I suspect that if the text was properly identified as R2L characters, the way we handled selection would actually be pretty good, but the file is so hopelessly broken we're really stymied here.

Comment 6 Robin Watts 2023-02-23 20:09:21 UTC

Actually, on subsequent review, this claim:

> As it is, none of the characters that the PDF file claims are within it, are
> identified as right-to-left characters

is false. Continuing to investigate.

Comment 7 Robin Watts 2023-02-23 20:21:11 UTC

And actually:

> In this case, the file does have a ToUnicode table. BUT... it's full of rubbish.

That's wrong too. On second glance the ToUnicode table looks reasonable. I am confused...

Comment 8 Robin Watts 2023-02-24 17:32:56 UTC

(In reply to Robin Watts from comment #7)
> And actually:
> 
> > In this case, the file does have a ToUnicode table. BUT... it's full of rubbish.
> 
> That's wrong too. On second glance the ToUnicode table looks reasonable. I
> am confused...

The first couple of fonts have a decent ToUnicode table. The latter ones don't.

At any rate, I think I have a solution to work around this a bit.

Comment 9 Robin Watts 2023-03-01 10:50:42 UTC

Fixed with:

commit 500c0299af8d086d0a20bb2c3a1e7d5c72872cc9
Author: Robin Watts <Robin.Watts@artifex.com>
Date:   Fri Feb 24 17:31:48 2023 +0000

    Bug 706426: Workaround strange text order in extraction.

    The example file has a load of text that purports to be Arabic.
    Unfortunately, while it appears as arabic, the ToUnicode tables
    for many (but not all) of the fonts in the document are horribly
    broken, and so when cut and pasted, you get garbage characters.

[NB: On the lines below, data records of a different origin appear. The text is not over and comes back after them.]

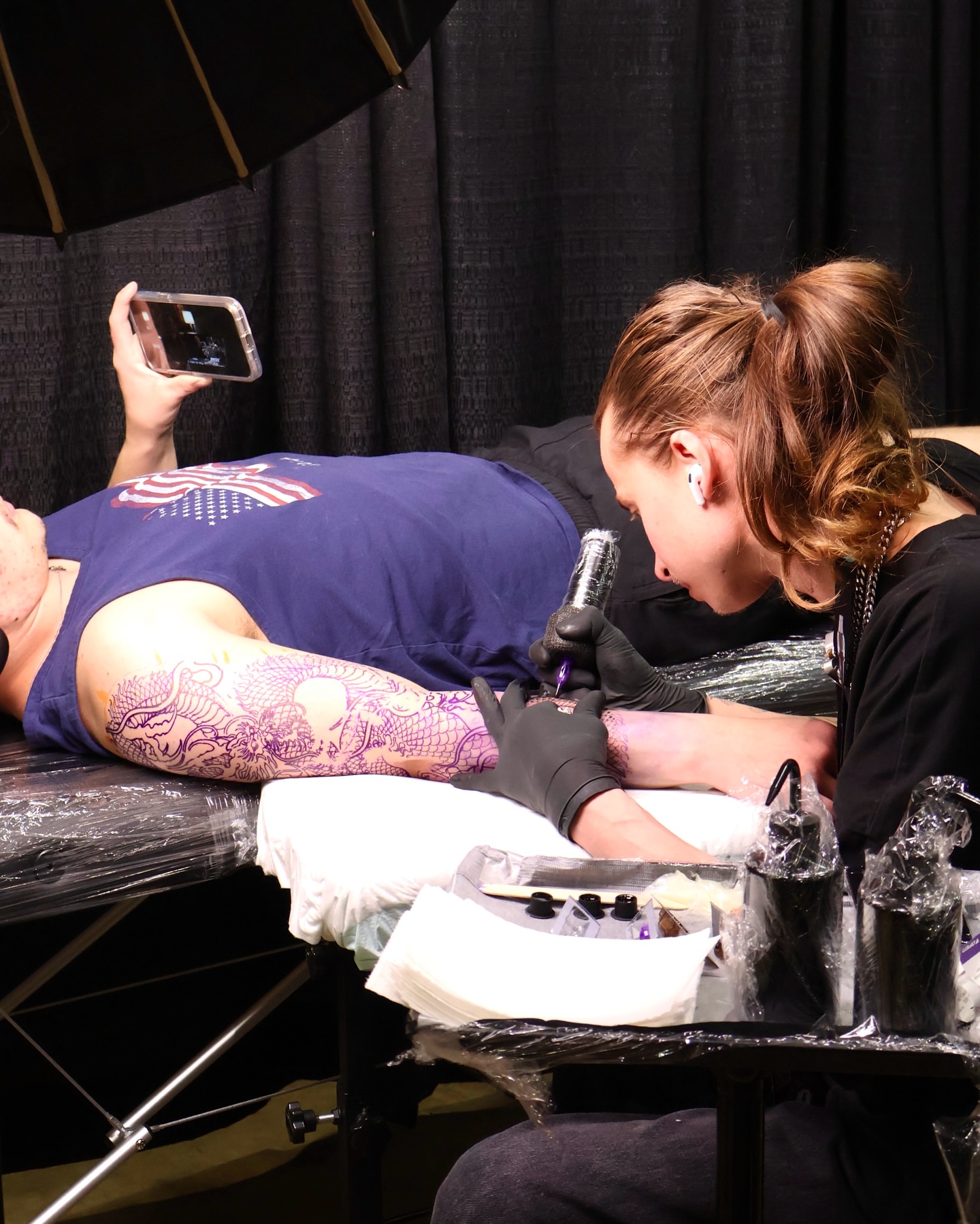 Floral design American traditional tattoo on the upper arm by Ingrid Rojas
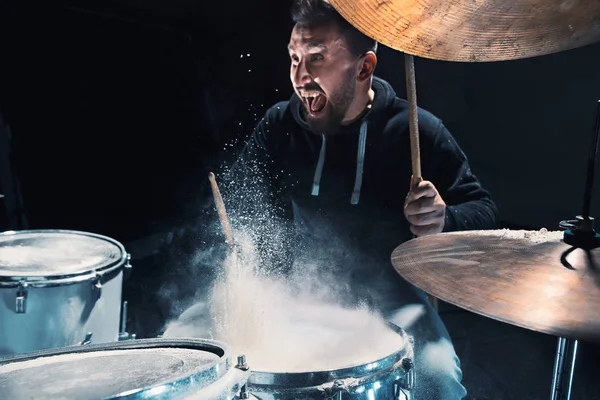 Drummer rehearsing on drums before rock concert. Man recording music on drum set in studio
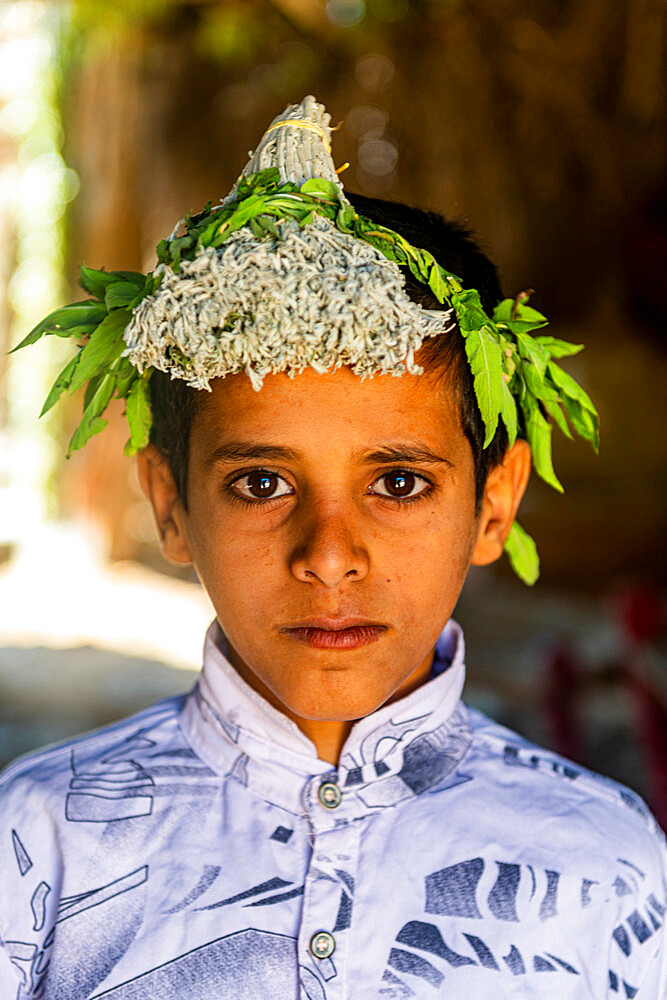 Young boy of the Qahtani Flower men tribe, Asir Mountains, Kingdom of Saudi Arabia, Middle East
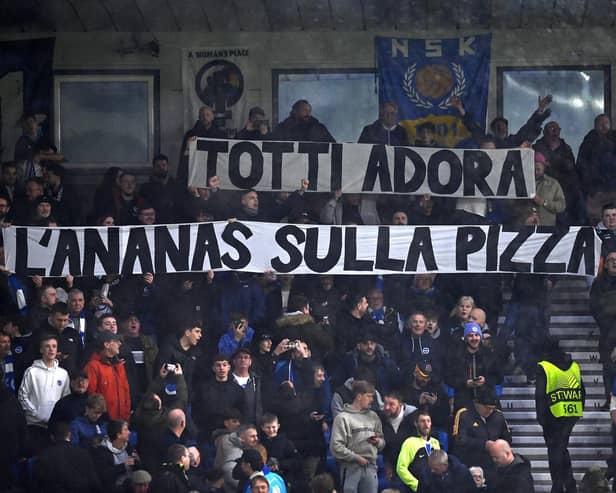 Brighton fans hold a banner ahead of the UEFA Europa League round of 16 second leg against Roma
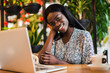 © dianagrytsku - Young african woman siting at cafe working on laptop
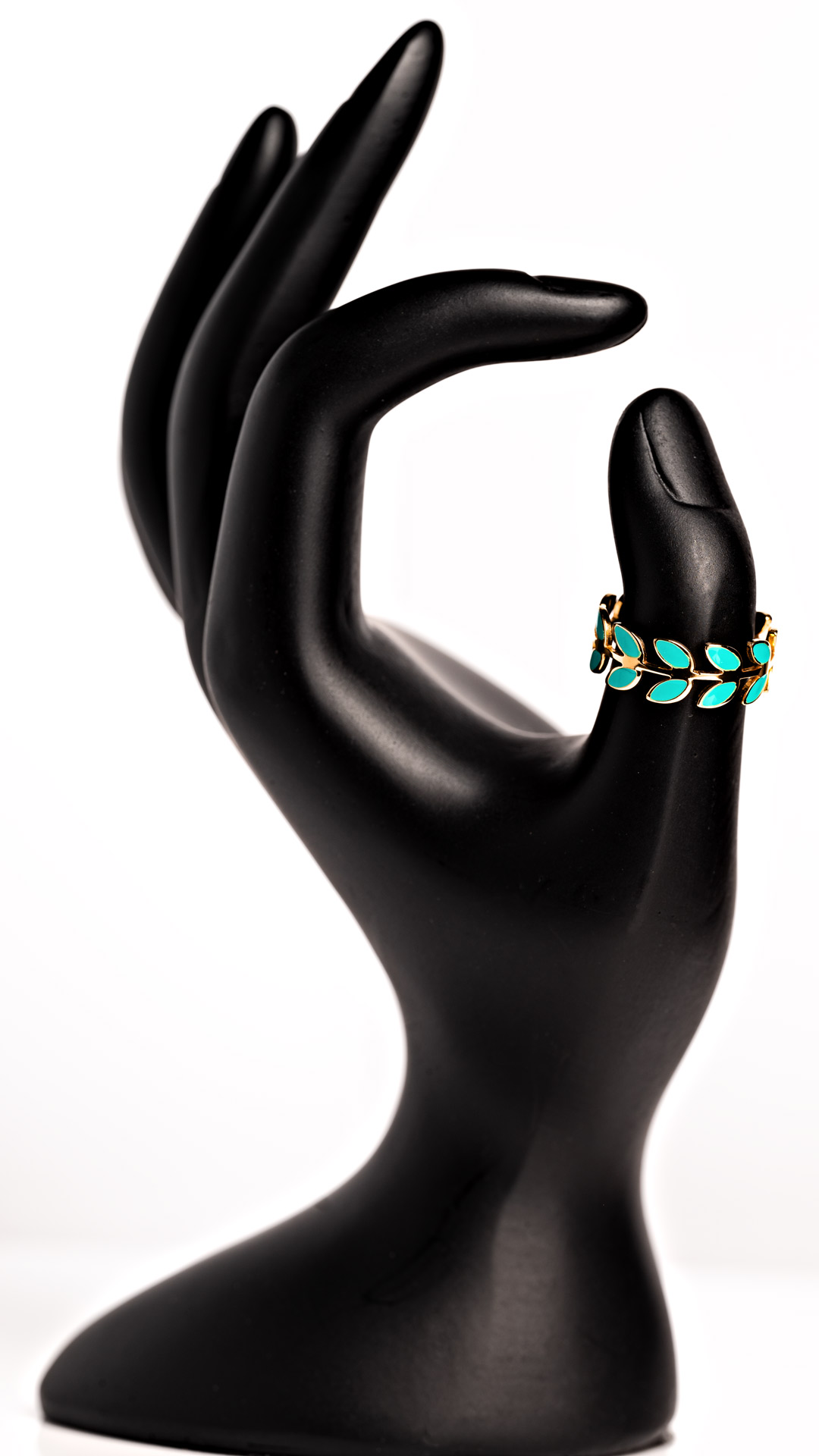 A plastic hand, painted black, with fingers curled. A small turquoise ring rests on the thumb. Product photography by Seb Duper.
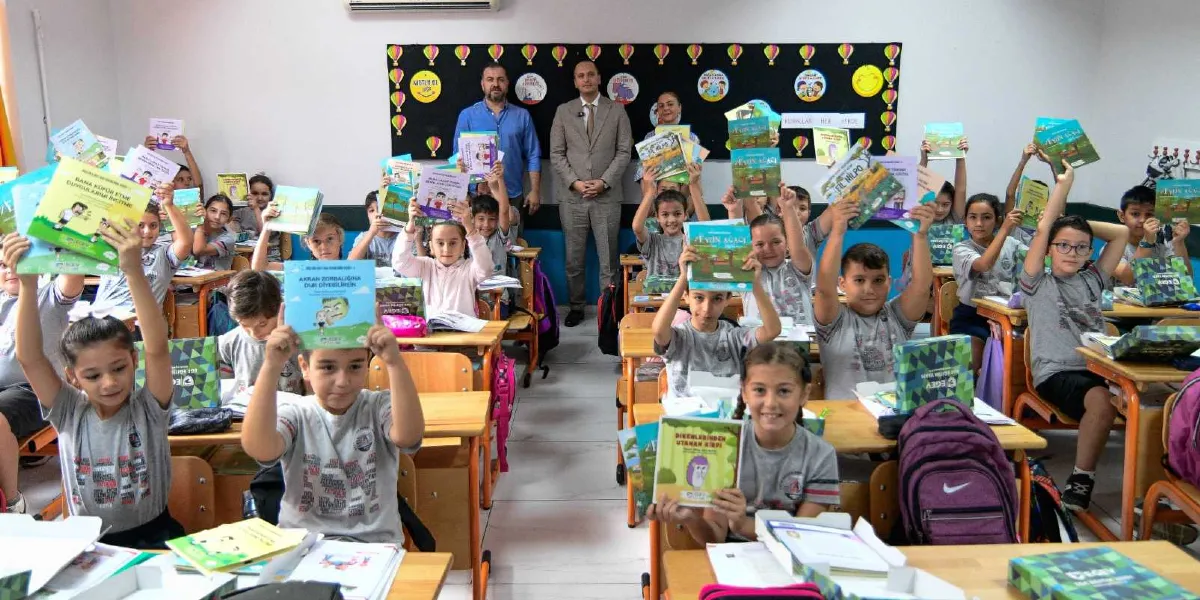 Sınıf ortamında sıralarında oturan ilkokul çağındaki çocuklar, Bornova Belediyesi tarafından hediye edilen kitapları havaya kaldırarak neşeyle poz veriyor. Çocukların önündeki sıralarda kırtasiye malzemeleri ve kitaplar bulunuyor. Sınıfın arka tarafında ise üç yetişkin, öğrencilerin arkasında ayakta durarak onlara eşlik ediyor. Arka duvarda üzerinde 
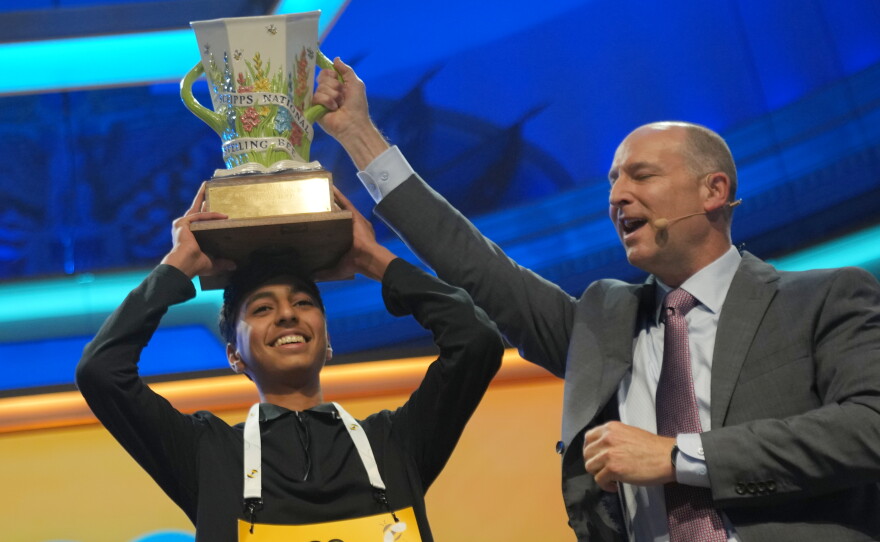 E.W. Scripps Company president and CEO Adam Symson holds the trophy over Shrey Parikh, winner of the 2026 Scripps National Spelling Bee, at DAR Constitution Hall in Washington, D.C. on Thursday.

    Stranger still, in the lines where such text is used, the
    characters within words are sent left to right, but the words
    (and the spaces between words) within a line themselves are
    sent right to left.

    So, for the characters A, B, C, SPACE, D, E, F, SPACE, G, H, I
    we might actually get the following appearance:  GHI DEF ABC

    The stext extraction for this is then:

      <line>ABC</line>
      <line> </line>
      <line>DEF</line>
      <line> </line>
      <line>GHI</line>

    which gives unexpected results when trying to select it.

    As a workaround against this, we tweak the behaviour of the
    stext device.

    Typically as each character arrives, we consider adding it onto
    the end of the "current line". If it doesn't fit, then we abandon
    that line, and move to a new one.

    The solution implemented here is to perform some extra processing.
    Whenever we are finished with the current line, before we start a
    new one, we check to see if the entirety of the current line fits
    before one of the previous lines. If so, we join the two.

    Clearly, we could go further with this processing and consider
    whether the newly extended line then fits before/after other lines,
    but this seems enough for now.

    This gives sensible behaviour for text selection for this file,
    and shouldn't hurt anything else. That's as much as we can hope
    for, because cut-and-paste is clearly a lost cause thanks to
    the broken ToUnicodes.

Improvements in similar (less broken) files additionally given by:

commit 48bf9c0cb2bd8e3008abb82f4cf69cbeaaf56a36
Author: Robin Watts <Robin.Watts@artifex.com>
Date:   Mon Feb 27 15:17:16 2023 +0000

    Fix problems when selecting/highlighting right to left text.

    When selecting right to left text (such as trying to apply
    a highlight to arabic text in mupdf-gl), the selection box
    would behave very oddly.

    If the selection point was in the right hand half of a glyph
    we'd assume that it should be included, and in the left hand
    half, that it should be excluded from the selection. This is
    correct for l2r, but wrong for r2l text.

    Fixed by considering the directionality of text.

    The l2r/r2l direction detection could possibly be better as
    it may trip over neutral stuff at the start of lines, but this
    is MUCH better than before.

    Also, when returning the list of highlight quads for a selection
    we were assuming that successive chars would always 'merge'
    new quads on the right. Again, this is wrong for r2l text.

Comment 10 Mark Mentovai 2023-04-21 19:04:00 UTC

The fix for this bug caused bug 706642.